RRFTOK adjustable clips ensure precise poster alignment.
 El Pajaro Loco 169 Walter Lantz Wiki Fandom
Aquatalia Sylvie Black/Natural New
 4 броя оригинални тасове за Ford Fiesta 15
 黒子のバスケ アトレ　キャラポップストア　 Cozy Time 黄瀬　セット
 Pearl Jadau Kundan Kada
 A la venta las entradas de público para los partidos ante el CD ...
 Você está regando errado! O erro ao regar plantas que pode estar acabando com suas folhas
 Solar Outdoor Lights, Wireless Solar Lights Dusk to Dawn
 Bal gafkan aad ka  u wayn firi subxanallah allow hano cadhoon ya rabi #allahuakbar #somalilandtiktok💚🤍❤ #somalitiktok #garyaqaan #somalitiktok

- **What the task requires**: Set down the listing in full, keeping every word exactly as it is.

- **Response to the task**:
RRFTOK adjustable clips ensure precise poster alignment.
 El Pajaro Loco 169 Walter Lantz Wiki Fandom
Aquatalia Sylvie Black/Natural New
 4 броя оригинални тасове за Ford Fiesta 15
 黒子のバスケ アトレ　キャラポップストア　 Cozy Time 黄瀬　セット
 Pearl Jadau Kundan Kada
 A la venta las entradas de público para los partidos ante el CD ...
 Você está regando errado! O erro ao regar plantas que pode estar acabando com suas folhas
 Solar Outdoor Lights, Wireless Solar Lights Dusk to Dawn
 Bal gafkan aad ka  u wayn firi subxanallah allow hano cadhoon ya rabi #allahuakbar #somalilandtiktok💚🤍❤ #somalitiktok #garyaqaan #somalitiktok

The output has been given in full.